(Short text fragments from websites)
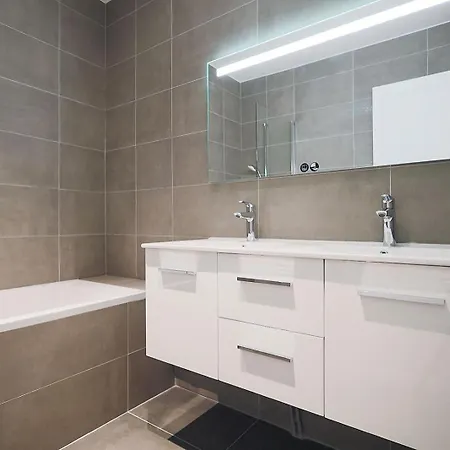 Apartament Champs-elysees Arc De Triomphe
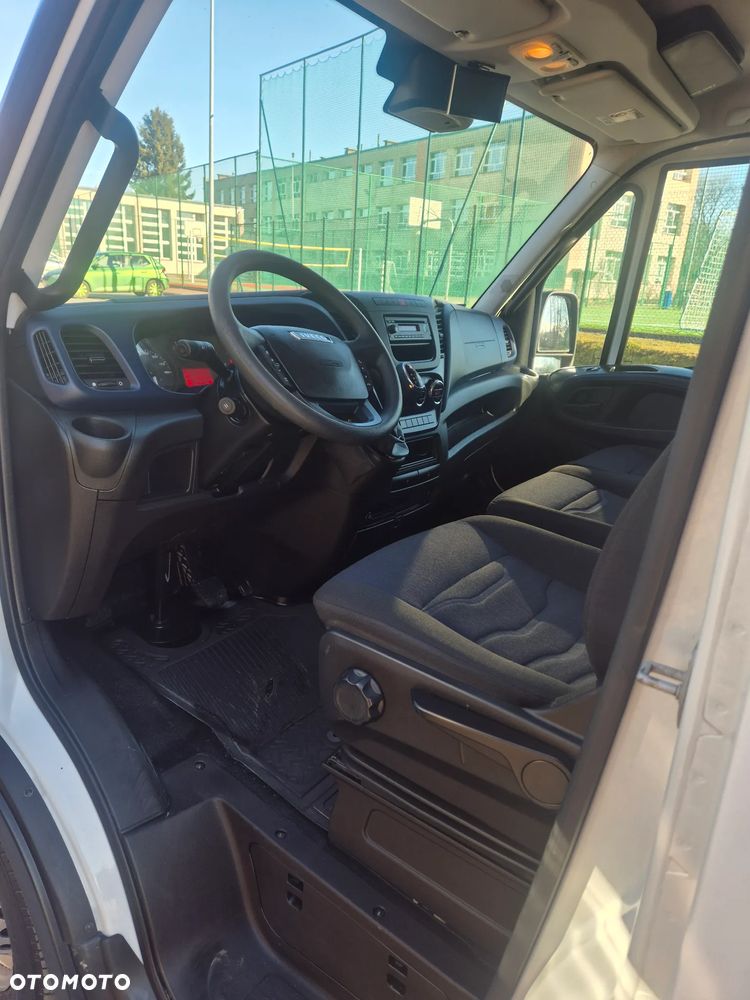 Iveco Daily - 6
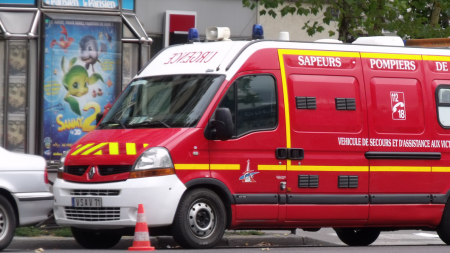 Corrèze : un mort, neuf blessés légers dans une collision entre minibus et car scolaires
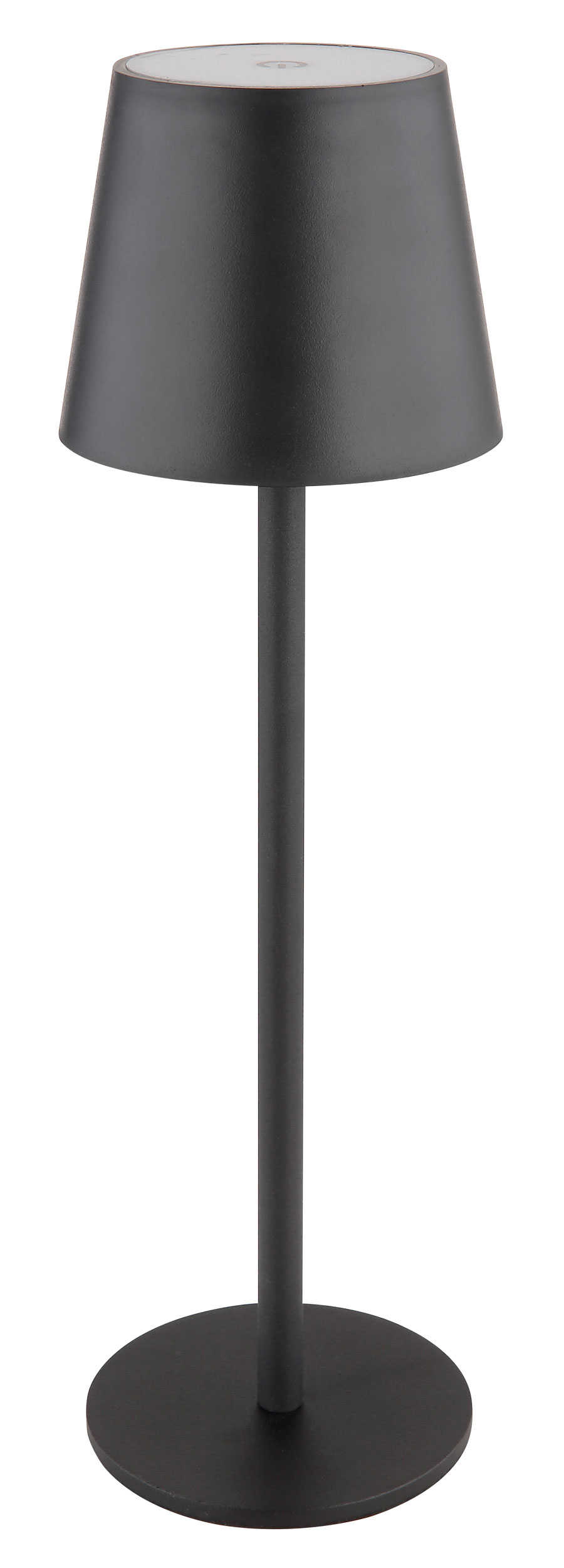 GloboLED - Akku - Tischleuchte 1flg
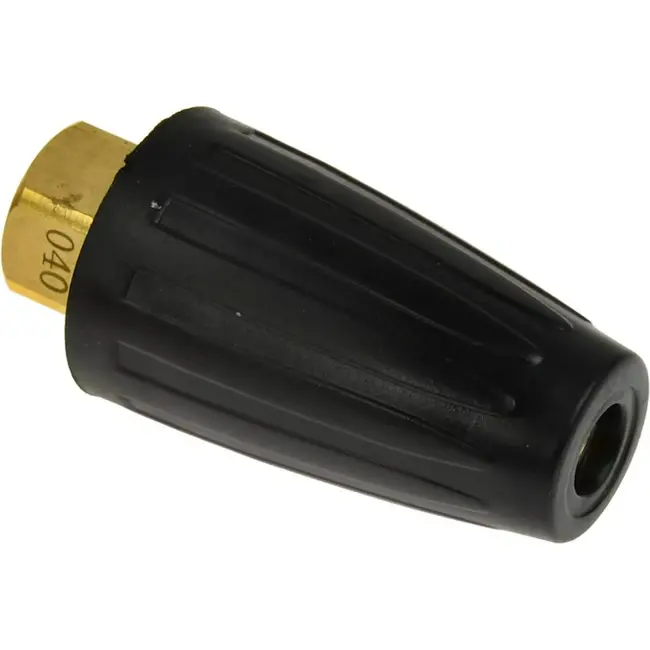 GEKO Roterende lans voor hogedrukreinigers - 250 bar - Geschikt voor Karcher HD & HDS - Verbeterde reinigingskracht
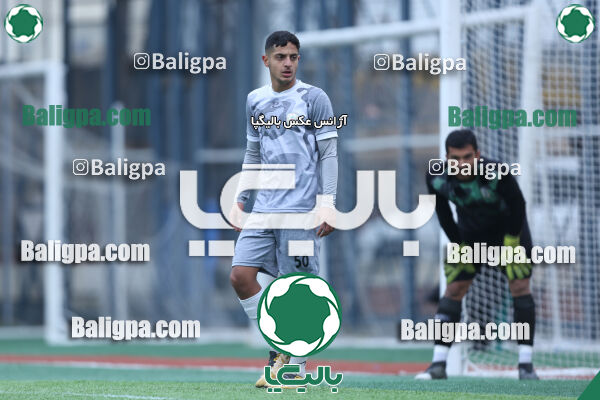 بادران ۱ - ۳ نیروی زمینی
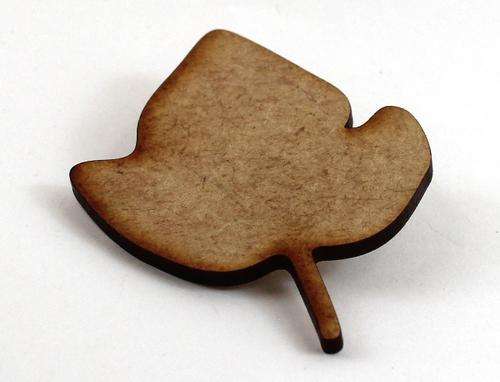 LEAF BROOCH - ***BEST PRICE***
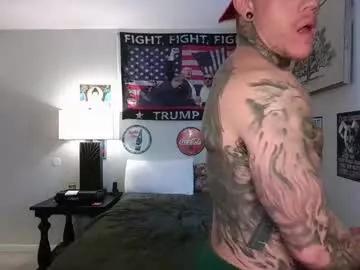 tatteddaddy9000 on Chaturbate 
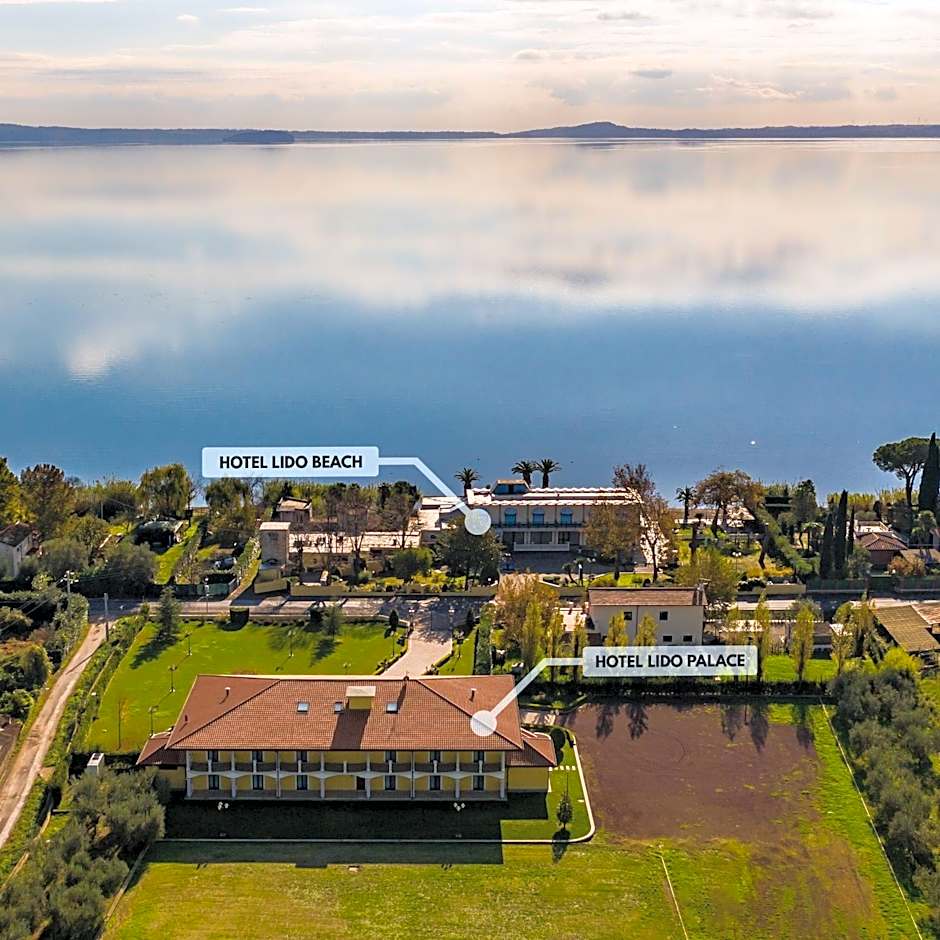 Hotel Lido - Beach and Palace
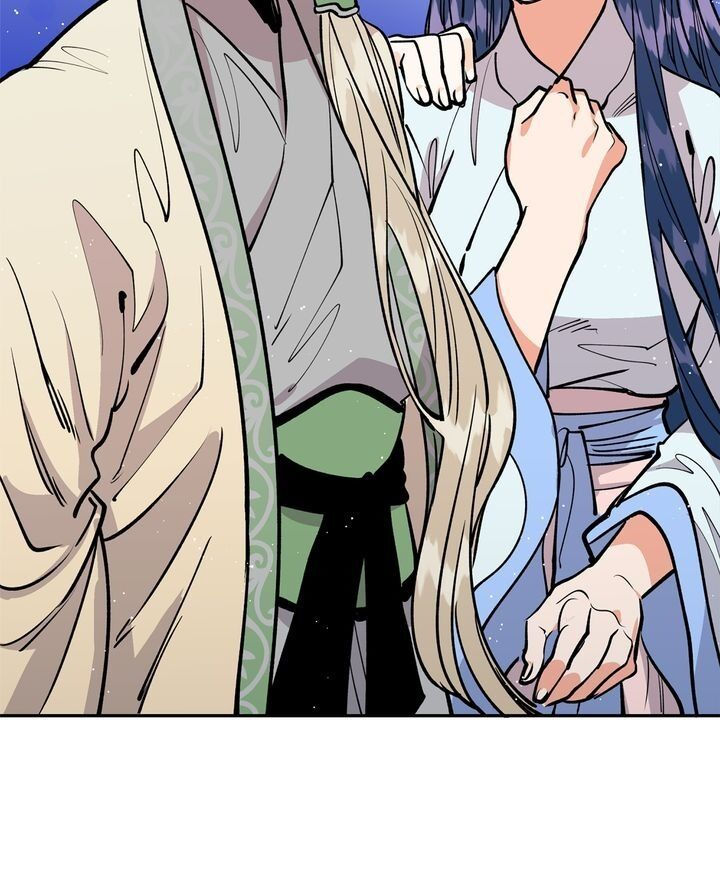 cô dâu thiên đàng chapter 20 21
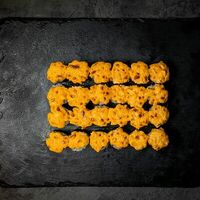 Мини-Финляндия в Sushi LeGo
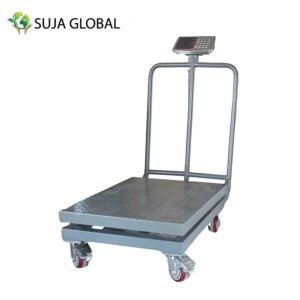1000KG Digital Industrial Weighing Scale (Brand New)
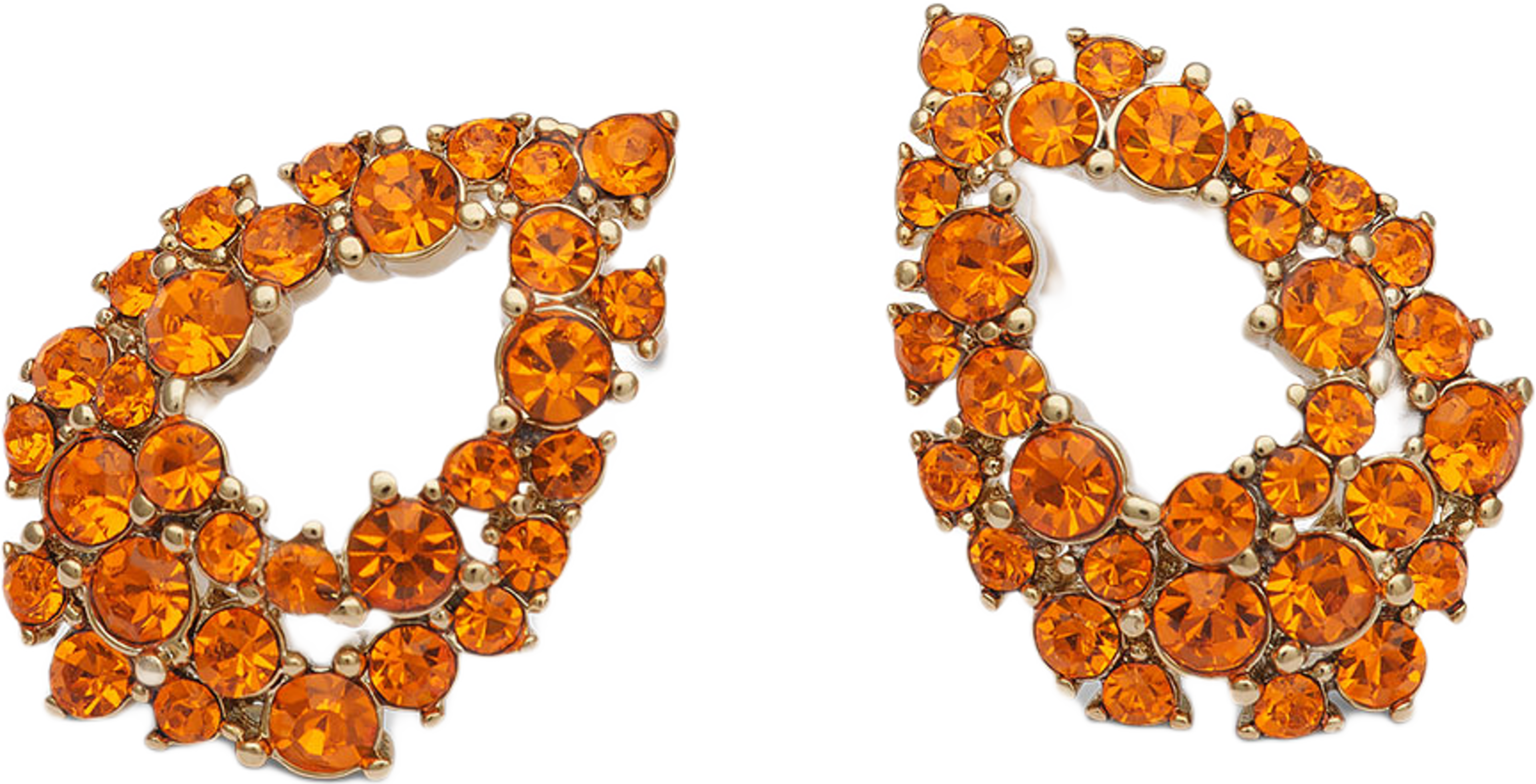 Petite Alice earrings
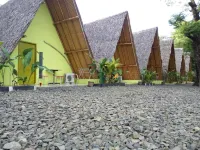Penginapan Bunar Tunggal Các khách sạn ở Tanjungjaya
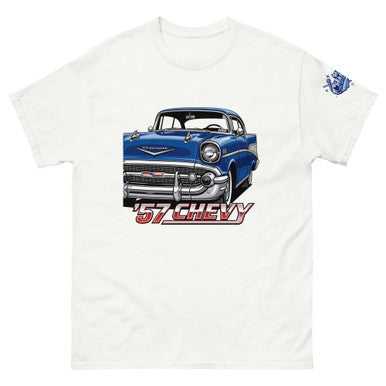 Unisex Classic T-Shirt - Comfortable and Stylish Everyday Wear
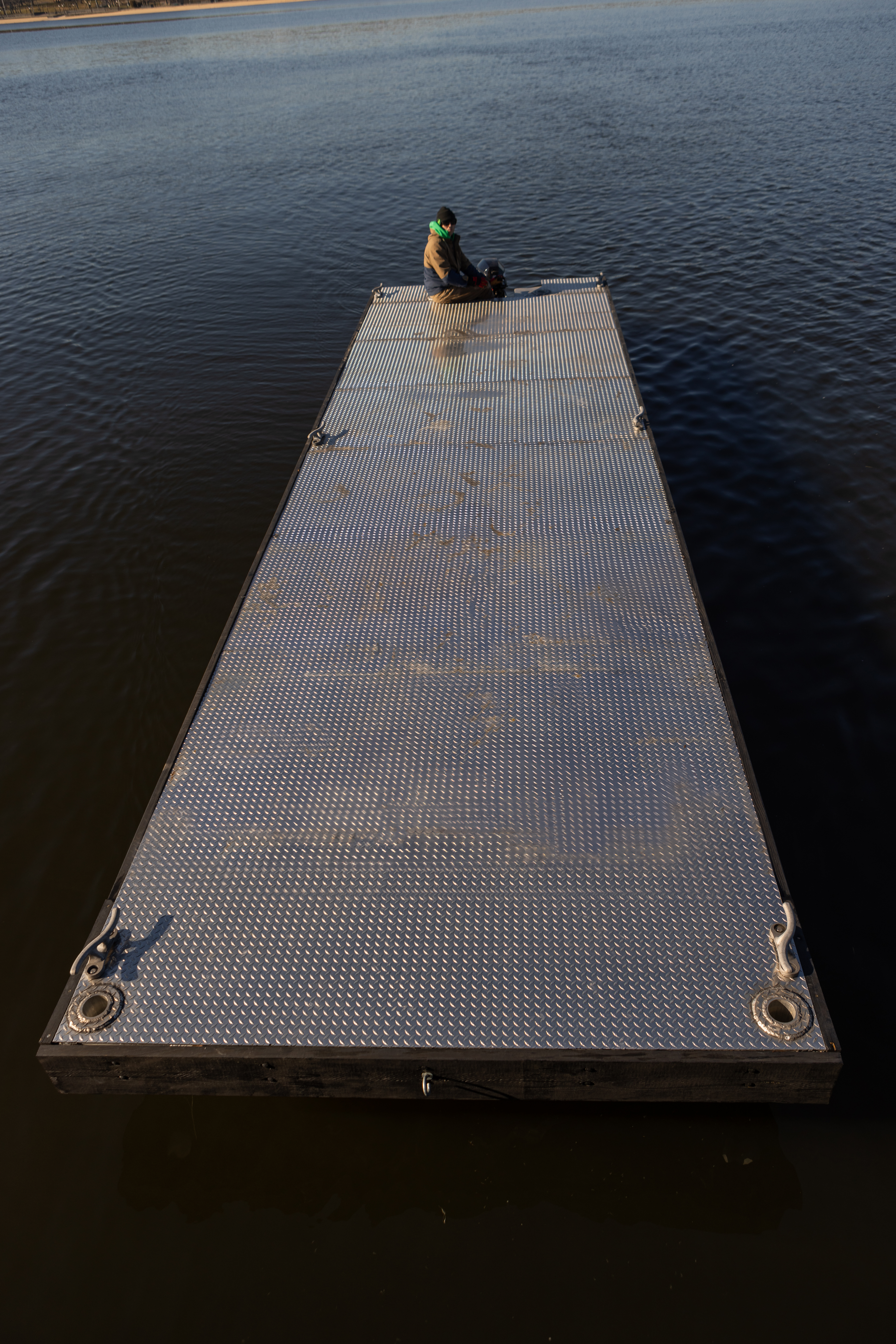 Camera Boat 2 (CB2) - Image 5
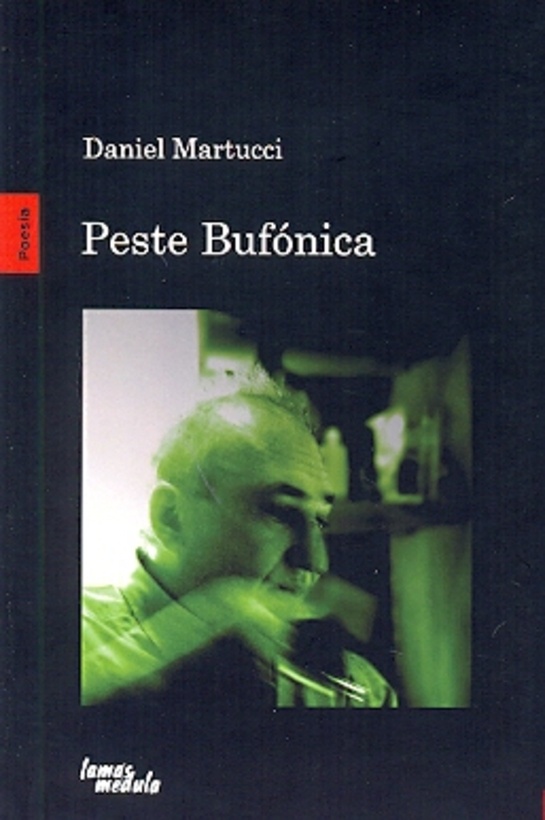 Peste Bufónica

Problem to solve: The data must be printed exactly, image-free.

Solution to this task:
 Apartament Champs-elysees Arc De Triomphe
 Iveco Daily - 6
 Corrèze : un mort, neuf blessés légers dans une collision entre minibus et car scolaires
 GloboLED - Akku - Tischleuchte 1flg
 GEKO Roterende lans voor hogedrukreinigers - 250 bar - Geschikt voor Karcher HD & HDS - Verbeterde reinigingskracht
 بادران ۱ - ۳ نیروی زمینی
 LEAF BROOCH - ***BEST PRICE***
 tatteddaddy9000 on Chaturbate 
 Hotel Lido - Beach and Palace
 cô dâu thiên đàng chapter 20 21
 Мини-Финляндия в Sushi LeGo
1000KG Digital Industrial Weighing Scale (Brand New)
 Petite Alice earrings
Penginapan Bunar Tunggal Các khách sạn ở Tanjungjaya
 Unisex Classic T-Shirt - Comfortable and Stylish Everyday Wear
 Camera Boat 2 (CB2) - Image 5
 Peste Bufónica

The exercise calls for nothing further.